We observe the slope in the above equation of line AB as $\dfrac{f\left( a+h \right)-f\left( h \right)}{\left( a+h \right)-h}$. The line AB which cuts the curve at two points will only touch the curve at $x=a$ when $h\to 0$. The derivative is a defined ratio of infinitesimal change in function value and infinitesimal change in variable. That infinitesimal change here is $h$approaches to 0. We define derivative for any point $x=a$ in the domain set is defined as
\[ \dfrac{dy}{dx}=\underset{h\to 0}{\mathop{\lim }}\,\dfrac{f\left( a+h \right)-f\left( a \right)}{h}$\]

Therefore when $h\to 0$,$\dfrac{f\left( a+h \right)-f\left( h \right)}{\left( a+h \right)-h}$ will be the slope of the tangent will be the derivative at that point which is ${{\left. \dfrac{dy}{dx} \right|}_{x=a}}={{f}^{'}}\left( a \right)$
We know that the product of slopes of two lines perpendicular to each other is $-1.$ We also know that the tangent line and normal line are always perpendicular to each other . Let the slope of the normal be $m$. So
\[\begin{align}
  & m{{f}^{'}}\left( a \right)=-1 \\
 & \Rightarrow m=\dfrac{-1}{{{f}^{'}}\left( a \right)} \\
\end{align}\]
The equation of a line in slope-intercept form is given as $y=mx+c$ where $c$is the intercept. We find $c$ putting the point \[\left( a,f\left( a \right) \right)\]

\[\begin{align}
  & y=mx+c \\
 & \Rightarrow f\left( a \right)=\dfrac{-1}{{{f}^{'}}\left( a \right)}a+c \\
 & \Rightarrow c=f\left( a \right){{f}^{'}}\left( a \right)+a \\
\end{align}\]
So the equation of normal for normal to the curve $y=f\left( x \right)$ at the point $x=a$ is $y=\left( \dfrac{-1}{{{f}^{'}}\left( a \right)} \right)x+f\left( a \right){{f}^{'}}\left( a \right)+a$\[\]

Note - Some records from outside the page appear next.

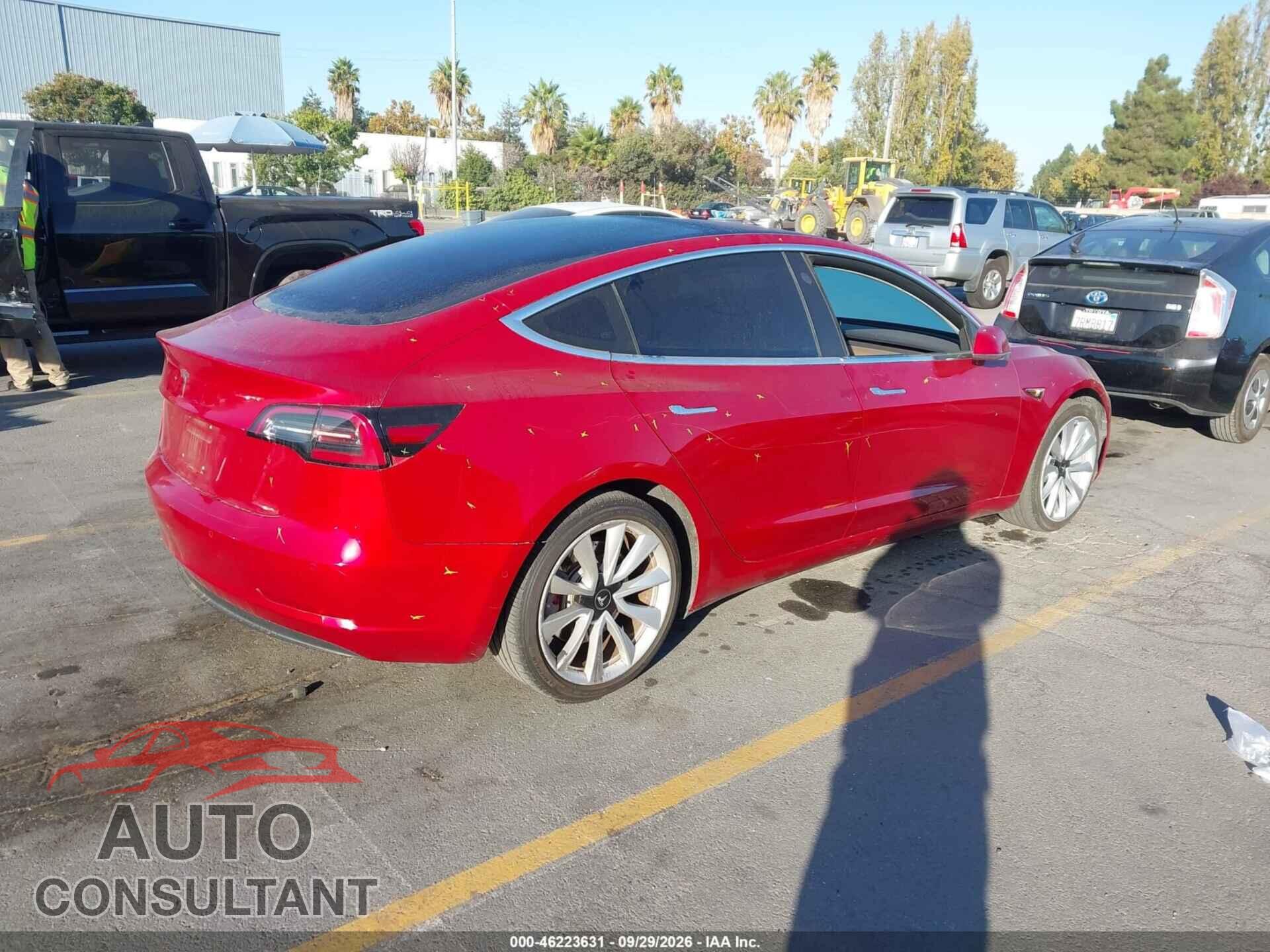 TESLA MODEL 3 2018 - 5YJ3E1EA6JF163812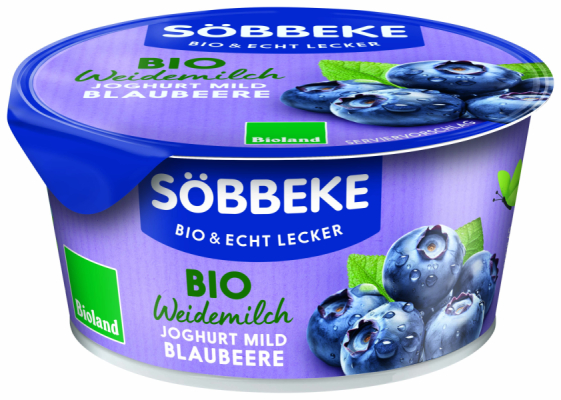 Söbbeke Bio Weidemilch Joghurt Blaubeere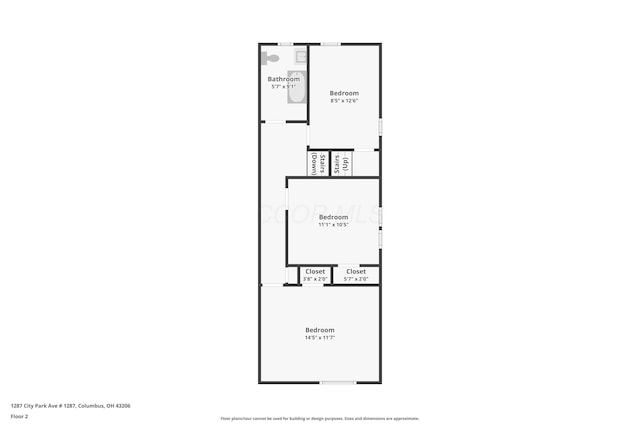 1287 City Park Ave, Columbus, OH 43206 - room layout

Note: We need to be careful of the fact that the limit $h\to 0$ is only right hand limit and we need to check whether the function is differentiable by checking continuity and the existence of left hand derivative $\underset{h\to {{0}^{-}}}{\mathop{\lim }}\,\dfrac{f\left( a+h \right)-f\left( a \right)}{h}$and right hand derivative $\underset{h\to {{0}^{+}}}{\mathop{\lim }}\,\dfrac{f\left( a+h \right)-f\left( a \right)}{h}$.